If any obligation of pecuniary payment determined in this judgment is not performed at maturity, double interest on the pecuniary debt during the period of delay in payment shall be paid according to Article 232 of the Civil Procedure Law of the People's Republic of China. 如逾期不履行本判决确定之金钱给付义务,应当依照《中华人民共和国民事诉讼法》第二百三十二条之规定,加倍支付迟延履行期间的债务利息。

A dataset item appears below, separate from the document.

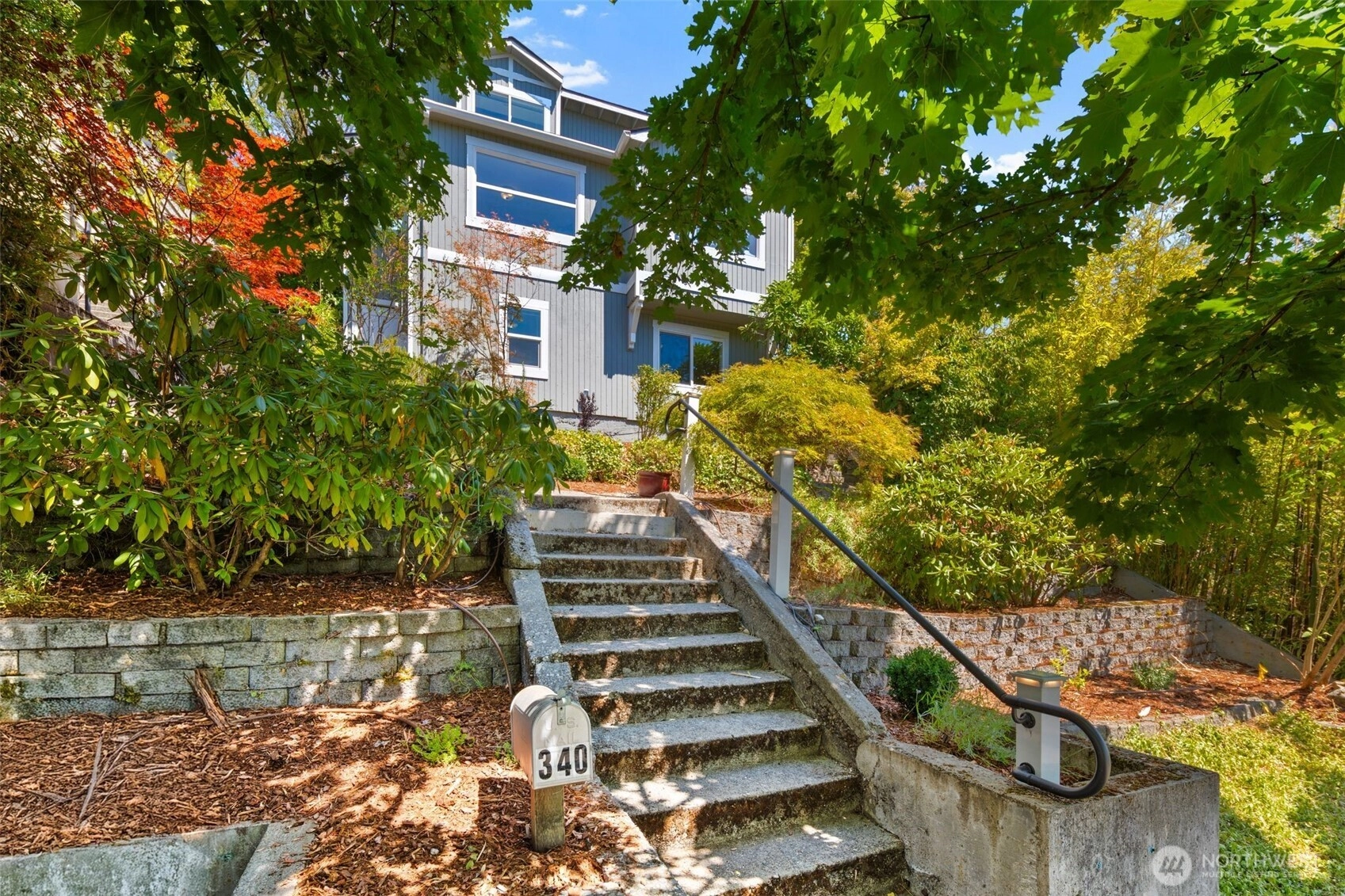 340 NE 53rd St Seattle WA 98105
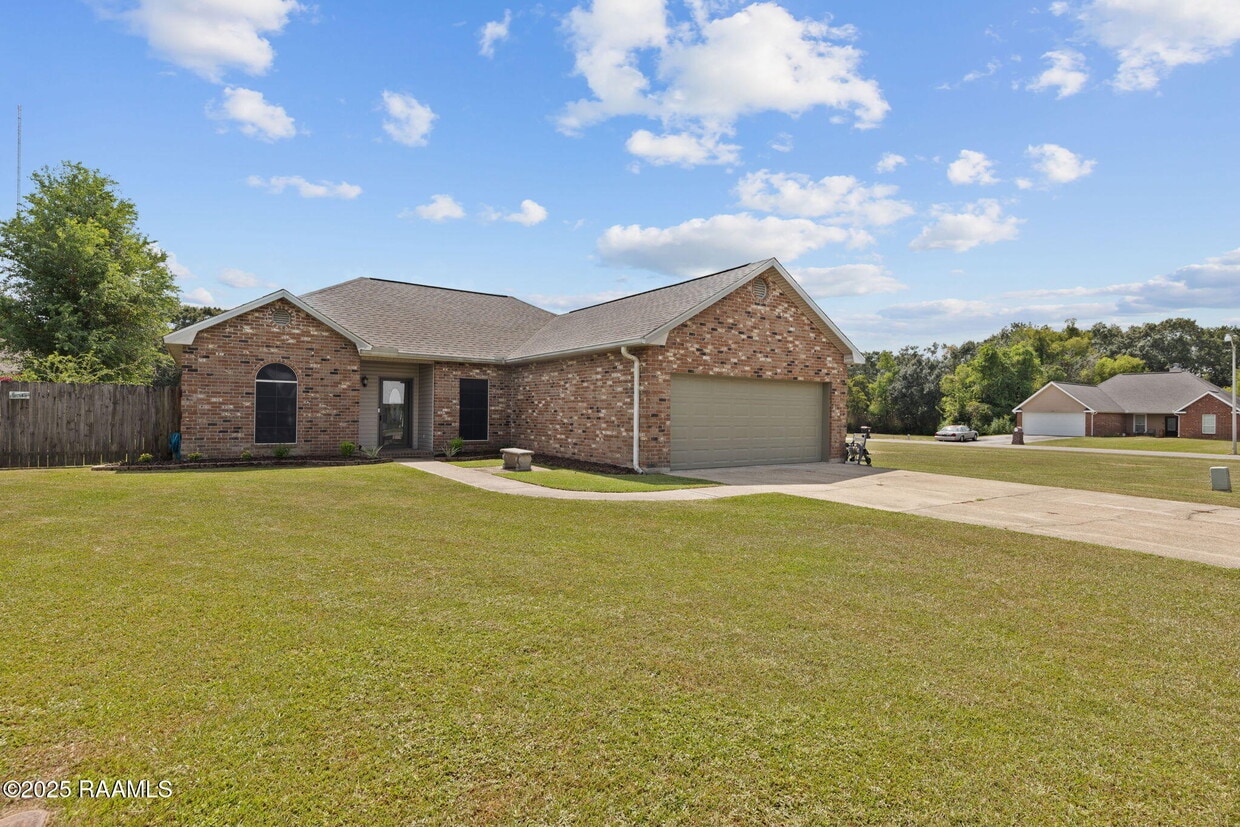 Primary Photo - 133 Herlil Cir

Of the case acceptance fee of 517,998 yuan for the trial of the first instance, the preservation fee of 265,000 yuan and other legal costs of 45,000 yuan, totaling 827,998 yuan, Taiyuan Heavy Machinery Group Co., Ltd. shall assume 500,000 yuan, and Shanxi Jiahetai Real Estate Development Co., Ltd. shall assume 327,998 yuan; the case acceptance fee of 487,998.48 yuan for the trial of the second instance shall be assumed by Shanxi Jiahetai Real Estate Development Co., Ltd. 一审案件受理费51.7998万元,保全费 26.5万元,其他诉讼费4.5万元,合计 82.7998万元,由太原重型机械(集团)有限公司负担50万元,山西嘉和泰房地产开发有限公司负担32.7998万元;二审案件受理费48.799848万元,由山西嘉和泰房地产开发有限公司负担。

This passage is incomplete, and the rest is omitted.